NLNG indicts PPMC, NAVGAS over cooking gas price hike

The Nigerian Liquefied Natural Gas Limited (NLNG) at the weekend said it is not to blame for the recent hike in price of Liquefied Petroleum Gas (LPG) also known as cooking gas, to N4000 for the 12.5kg cylinder.
Recently, marketers raised an alarm over the artificial hike in price of the product from N2.4 million per 20 metric tonnes to N3.5 million.
Executive Secretary of the marketers under the aegis of the Nigerian Association of LPG Marketers, Mr. Bassey Essien, revealed in Lagos at the weekend that with the artificial hike in the price of 20 Metric tonne cylinder, the price of 12.5kg cylinder had gone up from N2, 700 to between N3, 500 and N4, 000.
Essien called on the Federal Government to intervene and stop the hike, adding that unlike the prices of other petroleum products, which are paid in dollars, the price of LPG is not paid in dollars, hence there was no reason for the price hike.
According to him, the Nigeria LNG Limited, which supplies LPG to the domestic market, collects Naira from the marketers.
He further argued that the current scarcity of foreign exchange in the country has no effect on LPG because the product is produced locally and not imported.
He accused some officials of the Pipelines and Products Marketing Company (PPMC), a subsidiary of the NNPC and one of the LPG marketers, NAVGAS of conniving to hike the price of LPG supplied by NLNG.

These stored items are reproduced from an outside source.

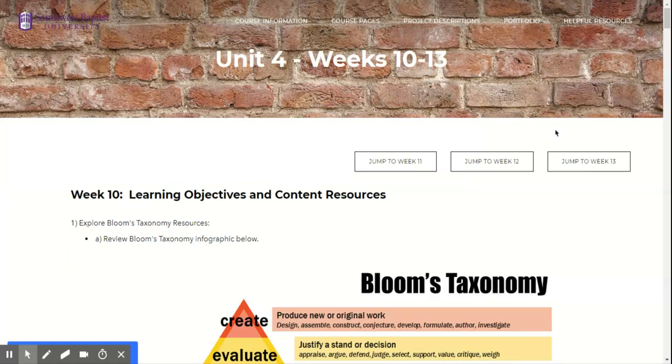Hi guys, and welcome to week 10. This video is not so much a tip of the week, but just an explanation of what is coming.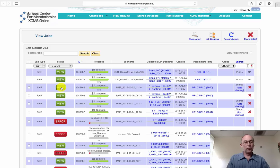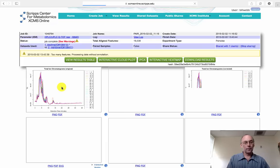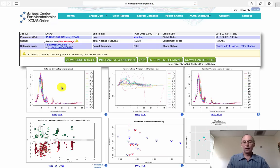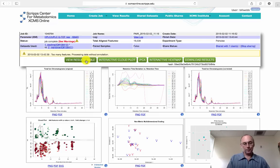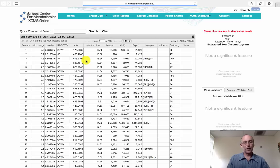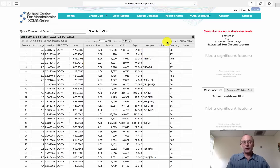So we'll go to the particular job that we ran, click on the view icon, and to look at data for each individual feature, we'll go to view results table. In this particular experiment, over 19,000 features were found.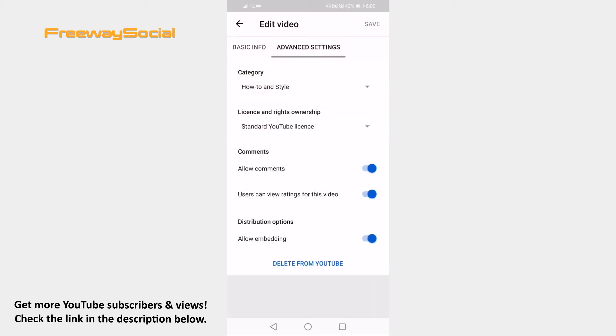Switch the toggle off next to users can view rating for this video and click on save afterwards.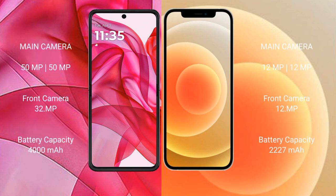Motorola Razr 50 Ultra features a rear dual-camera setup with a 50-megapixel main camera and a 13-megapixel secondary camera. iPhone 12 mini also has a rear dual-camera setup with a 12-megapixel main camera and a 12-megapixel ultra-wide camera.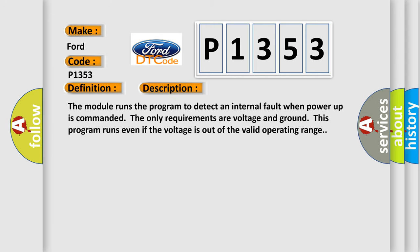The module runs the program to detect an internal fault when power-up is commanded. The only requirements are voltage and ground. This program runs even if the voltage is out of the valid operating range.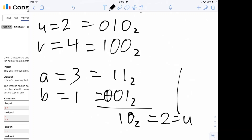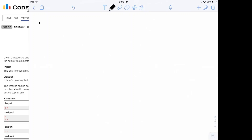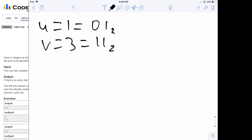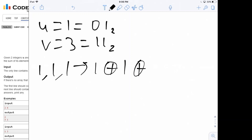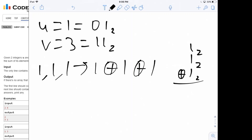Let's look at the next sample input where u is 1 (which is just 1 in base 2) and v is 3 (which is 11 in base 2). The sample output has 3 integers: 1, 1, and 1. Clearly if we add them we get 3. Taking the XOR of 1, 1, and 1: if we have an even number of 1s the XOR gives 0, and if we have an odd number the XOR gives 1, which is the value of u.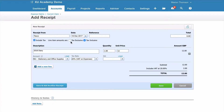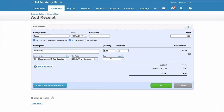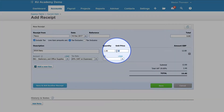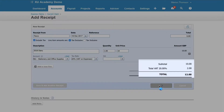If you tick the box that says 'tax exclusive', you would then input the amount as £10 — the value excluding the VAT amount — and then Xero would add on the £2 for you.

According to Essien, the PPMC officials diverted the NLNG’s LPG vessel to NAVGAS terminal instead of allowing it to discharge at PPMC jetty for all the marketers to receive supply.
“Gas is supposed to be readily available in all the major terminals in Lagos but today, only one company has gas because some people have hijacked the NLNG domestic supply scheme. On Thursday last week, they increased the price from N2.4 million per 20 MT to N2.6 million. On Friday, it was increased to N3 million and on Monday, it was increased to N3.5 million and if nothing is done, they will increase it to N4 million. The company did the same thing last year to exploit Nigerians when it was the only company that had LPG but when other companies received product, it quickly crashed the price to N1.9 million,” he explained.
Speaking with the Business Times, General Manager, External Relations (NLNG), said the company’s intervention in the LPG domestic market in 2007, was to ensure that the product is not only available but affordable.
“For the same reason, NLNG increased its commitment to the domestic market from 150,000 metric tonnes per annum (mtpa) to 250,000 mtpa.
“This has contributed significantly to an increase in LPG consumption by Nigerians and growth in investments in the industry”, he said.
According to him, NLNG’s contributions has not stopped retailers from hiking prices at their will and caprices.
“Despite these achievements, the market remains fraught with challenges and bottlenecks at the retail end of the LPG value chain, which NLNG has no control over”, he said.
He said the retail market is controlled by Pipelines and Products Marketing Company (PPMC), a subsidiary of the NNPC and the LPG marketers, NAVGAS, accusing them of price hike of products supplied by NLNG.
“The entire domestic market for example, is served via only two LPG receiving facilities/jetties (PPMC NOJ & NAVGAS), both of which are in Lagos. Such a situation is inadequate and has led to distortions, product scarcity and anti-competitive behaviour”, he said.
Kudo Eresia-Eke said the company knows about the irregularities and would do all to make the product available and affordable.
“NLNG is aware of these imbalances and remains committed to supporting LPG availability and affordability. The company continues to consult with stakeholders to improve efficiencies, remove bottlenecks, identify the challenges limiting growth as well as develop strategies that will deepen and grow the industry,” he said.
When contacted, the Managing Director of NAVGAS, Mr. Ian Brown told Business Times that the hike was due to the current situation in the country, stressing that the market size of LPG in Nigeria is 300,000MT, while NLNG supplies less than 200,000MT.
However, Essien insisted that NAVGAS is using deregulation to create artificial scarcity and hike price.